Inhibition of Notch signaling decreased VEGFR-1 expression in neovessels. Chambers packed with VEGF-expressing KP1 pancreatic tumor cells (KP1/VEGF-A¹²¹) transduced with either Ad-GFP or Ad-Notch1 decoy were implanted under the dorsal skin of wild-type C57BL/6 mice. Four days after implantation, chambers were removed for immunohistochemistry of the overlying skin. Representative pictures are shown (20× magnification). (A-B) VEGFR-1 and VEGFR-2 expression in the smooth muscle cell layer of the skin overlying implants expressing Ad-GFP. (C) Expression of VEGFR-2 was detected in implants expressing the Notch1 decoy despite decreased vessel density (black arrowheads). (D) Expression of VEGFR-1 in implants expressing the Notch1 decoy was significantly reduced in the smooth muscle cell layer (open arrowheads). (E) Reduced VEGFR-1 expression relative to CD31 and VEGFR-2 was observed in skin overlying implants expressing the Notch1 decoy compared to those expressing Ad-GFP. Quantitative analysis of immunostaining intensity for each antibody, relative to Ad-GFP implants (set at 100%), was determined in five different areas of each sample. The average density ratio was determined by dividing the area of staining by the total area of the smooth muscle layer. Each group (Ad-GFP versus Ad-Notch1 decoy) consisted of 3-5 mice, and experiments were done in triplicate. Data represents the mean staining intensity in Notch1 decoy implants, expressed as percent of control staining, plus or minus SD. ⋆ P < 0.05. (F) Notch1 decoy expression in HUVEC reduced VEGF-induced VEGFR-1 expression.

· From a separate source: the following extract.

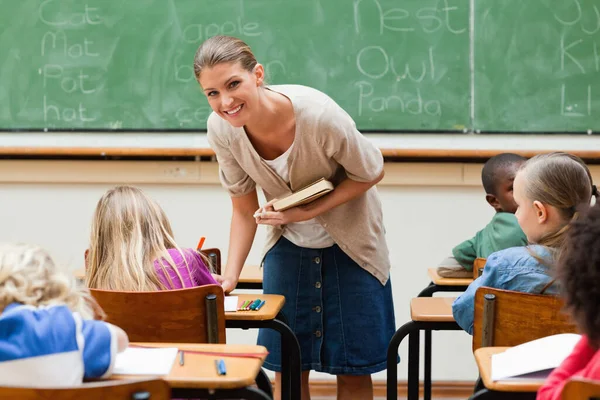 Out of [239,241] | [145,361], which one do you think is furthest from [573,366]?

Adenovirus transduction of VEGF-A in HUVEC increased the expression of VEGFR-1 and VEGFR-2 as determined by RT-PCR (25 cycles) compared to control (Ad-LacZ) cells. When Ad-VEGF-A (VEGF) HUVEC were co-transduced with the Notch1 decoy, transcript levels of VEGFR-1 were reduced, while VEGFR-2 was unaffected. (G) Gamma secretase inhibitor (GSI) reduces VEGF-induced surface expression of VEGFR-1 in HUVEC. Stimulation of HUVEC with 50 ng/ml VEGF-A induced surface expression of VEGFR-1 (red) compared to control cells (black). Co-incubation with GSI (Compound E) inhibited the VEGF-A-induction of VEGFR-1 (green). 10,000 cells per experimental group were examined by FACs.